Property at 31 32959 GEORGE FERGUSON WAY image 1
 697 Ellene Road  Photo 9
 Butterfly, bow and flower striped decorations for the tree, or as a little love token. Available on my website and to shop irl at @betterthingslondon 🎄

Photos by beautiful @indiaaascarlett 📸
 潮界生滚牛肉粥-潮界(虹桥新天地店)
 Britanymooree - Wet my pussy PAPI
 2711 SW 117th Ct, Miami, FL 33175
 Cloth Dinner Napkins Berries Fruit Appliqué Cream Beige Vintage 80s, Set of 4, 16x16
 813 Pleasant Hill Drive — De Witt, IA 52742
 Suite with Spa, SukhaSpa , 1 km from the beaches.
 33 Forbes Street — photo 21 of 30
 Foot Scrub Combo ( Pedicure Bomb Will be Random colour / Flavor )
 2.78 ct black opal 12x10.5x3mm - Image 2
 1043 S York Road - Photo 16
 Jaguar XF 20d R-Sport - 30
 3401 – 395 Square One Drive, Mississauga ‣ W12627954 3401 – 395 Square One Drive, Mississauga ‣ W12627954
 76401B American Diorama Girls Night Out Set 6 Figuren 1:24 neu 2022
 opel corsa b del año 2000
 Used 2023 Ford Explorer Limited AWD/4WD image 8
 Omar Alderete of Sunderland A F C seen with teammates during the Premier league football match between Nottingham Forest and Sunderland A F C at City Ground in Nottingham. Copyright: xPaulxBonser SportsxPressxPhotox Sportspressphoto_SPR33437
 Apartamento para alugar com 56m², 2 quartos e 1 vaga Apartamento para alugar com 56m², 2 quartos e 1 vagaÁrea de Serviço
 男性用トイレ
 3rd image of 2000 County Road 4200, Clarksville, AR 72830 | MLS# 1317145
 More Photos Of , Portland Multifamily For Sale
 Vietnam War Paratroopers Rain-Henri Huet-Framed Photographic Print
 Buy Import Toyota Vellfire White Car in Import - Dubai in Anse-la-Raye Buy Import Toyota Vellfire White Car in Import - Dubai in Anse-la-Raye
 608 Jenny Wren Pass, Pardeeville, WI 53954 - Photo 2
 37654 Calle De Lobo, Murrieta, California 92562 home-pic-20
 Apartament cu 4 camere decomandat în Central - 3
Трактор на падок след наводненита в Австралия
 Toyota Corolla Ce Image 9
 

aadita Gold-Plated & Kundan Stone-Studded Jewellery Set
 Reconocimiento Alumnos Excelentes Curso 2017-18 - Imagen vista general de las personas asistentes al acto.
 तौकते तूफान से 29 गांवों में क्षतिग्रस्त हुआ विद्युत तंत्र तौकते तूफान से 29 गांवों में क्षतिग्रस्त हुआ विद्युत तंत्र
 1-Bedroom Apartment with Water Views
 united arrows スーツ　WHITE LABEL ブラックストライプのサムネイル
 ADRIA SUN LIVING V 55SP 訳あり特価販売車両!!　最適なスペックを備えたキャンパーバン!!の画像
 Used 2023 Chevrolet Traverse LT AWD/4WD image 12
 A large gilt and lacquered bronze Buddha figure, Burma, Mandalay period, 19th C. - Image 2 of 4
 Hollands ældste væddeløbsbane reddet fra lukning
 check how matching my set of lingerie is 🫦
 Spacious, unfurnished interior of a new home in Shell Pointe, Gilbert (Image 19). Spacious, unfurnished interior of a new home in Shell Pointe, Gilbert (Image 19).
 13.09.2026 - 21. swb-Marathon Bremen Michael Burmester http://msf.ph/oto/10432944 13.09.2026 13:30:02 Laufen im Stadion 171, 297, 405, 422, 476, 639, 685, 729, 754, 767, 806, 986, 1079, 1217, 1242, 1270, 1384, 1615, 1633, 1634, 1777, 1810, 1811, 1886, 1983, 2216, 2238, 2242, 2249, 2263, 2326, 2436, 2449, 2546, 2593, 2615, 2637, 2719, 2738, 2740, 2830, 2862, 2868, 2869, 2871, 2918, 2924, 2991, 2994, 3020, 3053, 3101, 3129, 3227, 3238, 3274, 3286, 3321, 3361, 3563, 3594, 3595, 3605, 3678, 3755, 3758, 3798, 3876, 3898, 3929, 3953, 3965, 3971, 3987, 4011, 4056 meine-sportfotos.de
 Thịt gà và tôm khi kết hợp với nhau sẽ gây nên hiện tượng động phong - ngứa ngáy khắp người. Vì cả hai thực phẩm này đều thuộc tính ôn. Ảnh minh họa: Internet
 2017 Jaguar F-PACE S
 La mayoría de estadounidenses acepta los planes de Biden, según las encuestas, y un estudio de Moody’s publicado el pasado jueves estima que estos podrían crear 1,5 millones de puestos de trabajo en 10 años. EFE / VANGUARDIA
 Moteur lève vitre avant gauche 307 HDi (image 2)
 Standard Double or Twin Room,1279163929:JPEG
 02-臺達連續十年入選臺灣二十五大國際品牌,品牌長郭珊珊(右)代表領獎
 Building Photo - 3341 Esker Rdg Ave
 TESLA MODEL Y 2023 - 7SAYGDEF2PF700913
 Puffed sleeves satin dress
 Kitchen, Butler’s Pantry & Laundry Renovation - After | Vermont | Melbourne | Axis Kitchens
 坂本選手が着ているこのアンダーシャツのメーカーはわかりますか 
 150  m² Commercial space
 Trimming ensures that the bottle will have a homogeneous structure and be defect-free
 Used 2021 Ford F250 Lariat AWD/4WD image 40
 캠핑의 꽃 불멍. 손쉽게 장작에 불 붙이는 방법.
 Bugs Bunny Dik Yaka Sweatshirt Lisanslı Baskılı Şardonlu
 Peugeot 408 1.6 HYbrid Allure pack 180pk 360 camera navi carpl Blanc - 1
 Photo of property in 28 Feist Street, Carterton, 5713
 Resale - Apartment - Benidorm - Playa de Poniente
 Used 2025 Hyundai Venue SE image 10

· · ·

* Exercise directions *
Set down the whole of the data, exactly as it stands.

* Output *
Property at 31 32959 GEORGE FERGUSON WAY image 1
 697 Ellene Road  Photo 9
 Butterfly, bow and flower striped decorations for the tree, or as a little love token. Available on my website and to shop irl at @betterthingslondon 🎄

Photos by beautiful @indiaaascarlett 📸
 潮界生滚牛肉粥-潮界(虹桥新天地店)
 Britanymooree - Wet my pussy PAPI
 2711 SW 117th Ct, Miami, FL 33175
 Cloth Dinner Napkins Berries Fruit Appliqué Cream Beige Vintage 80s, Set of 4, 16x16
 813 Pleasant Hill Drive — De Witt, IA 52742
 Suite with Spa, SukhaSpa , 1 km from the beaches.
 33 Forbes Street — photo 21 of 30
 Foot Scrub Combo ( Pedicure Bomb Will be Random colour / Flavor )
 2.78 ct black opal 12x10.5x3mm - Image 2
 1043 S York Road - Photo 16
 Jaguar XF 20d R-Sport - 30
 3401 – 395 Square One Drive, Mississauga ‣ W12627954 3401 – 395 Square One Drive, Mississauga ‣ W12627954
 76401B American Diorama Girls Night Out Set 6 Figuren 1:24 neu 2022
 opel corsa b del año 2000
 Used 2023 Ford Explorer Limited AWD/4WD image 8
 Omar Alderete of Sunderland A F C seen with teammates during the Premier league football match between Nottingham Forest and Sunderland A F C at City Ground in Nottingham. Copyright: xPaulxBonser SportsxPressxPhotox Sportspressphoto_SPR33437
 Apartamento para alugar com 56m², 2 quartos e 1 vaga Apartamento para alugar com 56m², 2 quartos e 1 vagaÁrea de Serviço
 男性用トイレ
 3rd image of 2000 County Road 4200, Clarksville, AR 72830 | MLS# 1317145
 More Photos Of , Portland Multifamily For Sale
 Vietnam War Paratroopers Rain-Henri Huet-Framed Photographic Print
 Buy Import Toyota Vellfire White Car in Import - Dubai in Anse-la-Raye Buy Import Toyota Vellfire White Car in Import - Dubai in Anse-la-Raye
 608 Jenny Wren Pass, Pardeeville, WI 53954 - Photo 2
 37654 Calle De Lobo, Murrieta, California 92562 home-pic-20
 Apartament cu 4 camere decomandat în Central - 3
Трактор на падок след наводненита в Австралия
 Toyota Corolla Ce Image 9
 

aadita Gold-Plated & Kundan Stone-Studded Jewellery Set
 Reconocimiento Alumnos Excelentes Curso 2017-18 - Imagen vista general de las personas asistentes al acto.
 तौकते तूफान से 29 गांवों में क्षतिग्रस्त हुआ विद्युत तंत्र तौकते तूफान से 29 गांवों में क्षतिग्रस्त हुआ विद्युत तंत्र
 1-Bedroom Apartment with Water Views
 united arrows スーツ　WHITE LABEL ブラックストライプのサムネイル
 ADRIA SUN LIVING V 55SP 訳あり特価販売車両!!　最適なスペックを備えたキャンパーバン!!の画像
 Used 2023 Chevrolet Traverse LT AWD/4WD image 12
 A large gilt and lacquered bronze Buddha figure, Burma, Mandalay period, 19th C. - Image 2 of 4
 Hollands ældste væddeløbsbane reddet fra lukning
 check how matching my set of lingerie is 🫦
 Spacious, unfurnished interior of a new home in Shell Pointe, Gilbert (Image 19). Spacious, unfurnished interior of a new home in Shell Pointe, Gilbert (Image 19).
 13.09.2026 - 21. swb-Marathon Bremen Michael Burmester http://msf.ph/oto/10432944 13.09.2026 13:30:02 Laufen im Stadion 171, 297, 405, 422, 476, 639, 685, 729, 754, 767, 806, 986, 1079, 1217, 1242, 1270, 1384, 1615, 1633, 1634, 1777, 1810, 1811, 1886, 1983, 2216, 2238, 2242, 2249, 2263, 2326, 2436, 2449, 2546, 2593, 2615, 2637, 2719, 2738, 2740, 2830, 2862, 2868, 2869, 2871, 2918, 2924, 2991, 2994, 3020, 3053, 3101, 3129, 3227, 3238, 3274, 3286, 3321, 3361, 3563, 3594, 3595, 3605, 3678, 3755, 3758, 3798, 3876, 3898, 3929, 3953, 3965, 3971, 3987, 4011, 4056 meine-sportfotos.de
 Thịt gà và tôm khi kết hợp với nhau sẽ gây nên hiện tượng động phong - ngứa ngáy khắp người. Vì cả hai thực phẩm này đều thuộc tính ôn. Ảnh minh họa: Internet
 2017 Jaguar F-PACE S
 La mayoría de estadounidenses acepta los planes de Biden, según las encuestas, y un estudio de Moody’s publicado el pasado jueves estima que estos podrían crear 1,5 millones de puestos de trabajo en 10 años. EFE / VANGUARDIA
 Moteur lève vitre avant gauche 307 HDi (image 2)
 Standard Double or Twin Room,1279163929:JPEG
 02-臺達連續十年入選臺灣二十五大國際品牌,品牌長郭珊珊(右)代表領獎
 Building Photo - 3341 Esker Rdg Ave
 TESLA MODEL Y 2023 - 7SAYGDEF2PF700913
 Puffed sleeves satin dress
 Kitchen, Butler’s Pantry & Laundry Renovation - After | Vermont | Melbourne | Axis Kitchens
 坂本選手が着ているこのアンダーシャツのメーカーはわかりますか 
 150  m² Commercial space
 Trimming ensures that the bottle will have a homogeneous structure and be defect-free
 Used 2021 Ford F250 Lariat AWD/4WD image 40
 캠핑의 꽃 불멍. 손쉽게 장작에 불 붙이는 방법.
 Bugs Bunny Dik Yaka Sweatshirt Lisanslı Baskılı Şardonlu
 Peugeot 408 1.6 HYbrid Allure pack 180pk 360 camera navi carpl Blanc - 1
 Photo of property in 28 Feist Street, Carterton, 5713
 Resale - Apartment - Benidorm - Playa de Poniente
 Used 2025 Hyundai Venue SE image 10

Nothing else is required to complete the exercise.